Over at the Envirohistory blog is my article on The Soviet whaling industry and the end of whaling in New Zealand. In short, post-World War II, New Zealand whalers were taking about 100 humpback whales per year, the huge Soviet fleets cruised past in 1960 & 1961, took 25,000, and that was the end of whaling in New Zealand.
A random topic, I know, prompted by reading a translated memoir of a Soviet whaling scientist, reprinted in a dusty copy of Marine Fisheries Review found in a pile at the back of someone else’s office. If you want a moral from this tale, here’s three:
1) Short term industry goals – whaling industries the world over were free to destroy their own resource base, to the point where the industry drove itself to the brink of extinction.
2) Ineffective regulation – for most whale species, hunting was only banned after the species was so rare that it was no longer viable to hunt. The industry was able to resist regulation until there was almost no industry.

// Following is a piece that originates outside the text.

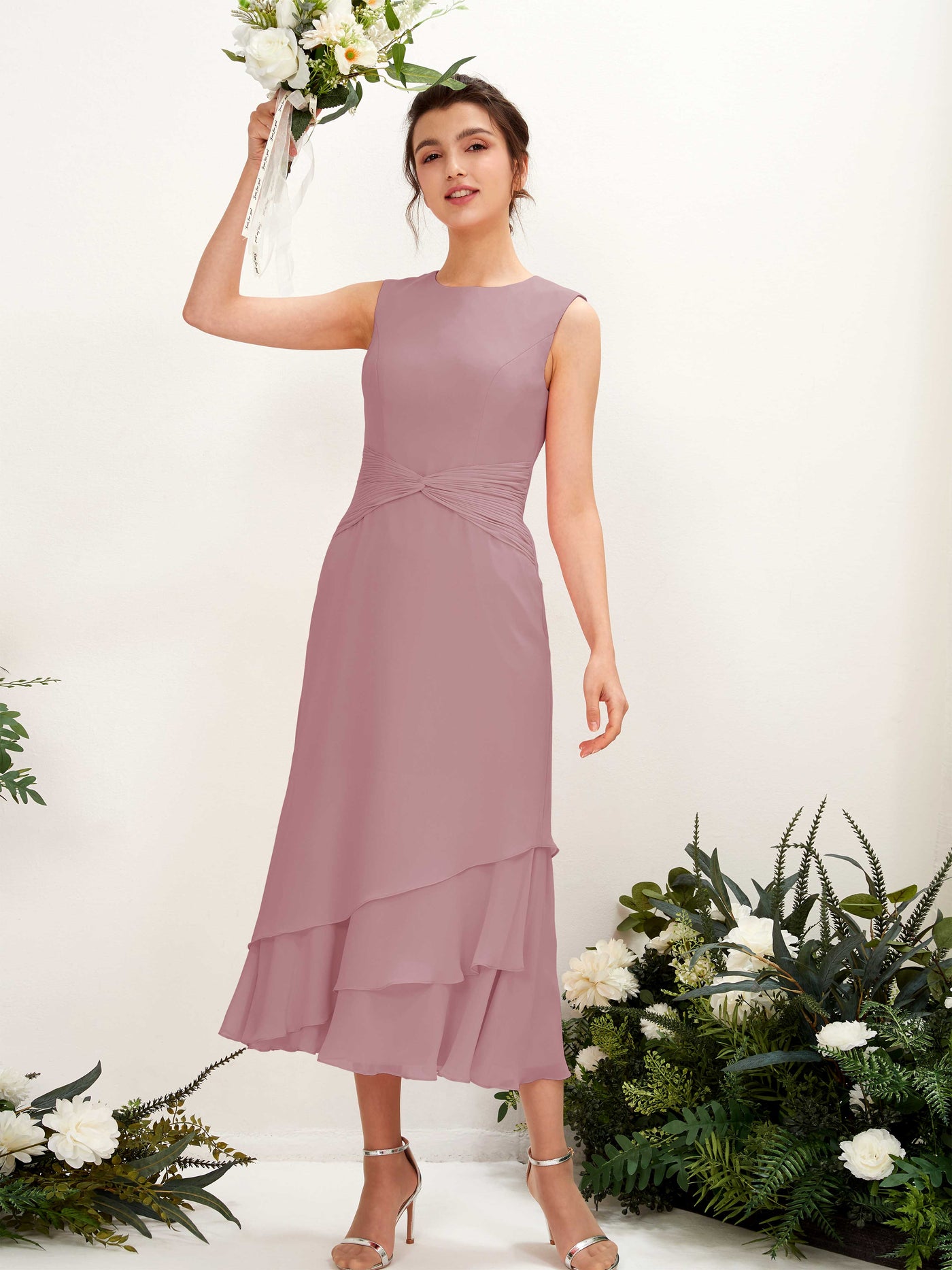 Carlyna Tubo Cuello redondo Hasta la tibia Gasa Vestido de dama de honor Malva Clásico #color_malva-cl-sico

3) Shifting baselines – what is considered a healthy ecosystem (and a viable resource) changes over time. There used to be enough whales in the three miles of sea between Kapiti Island and Param that you could catch them from row-boats, enough to make a business that employed two thousand people. Of course, that was in 1820, and we’ve forgotten, or become used to, the rareness of whales, fishes, and pretty much every form of megafauna. Fishing in the North Atlantic is much the same, with prettier graphics in the Guardian.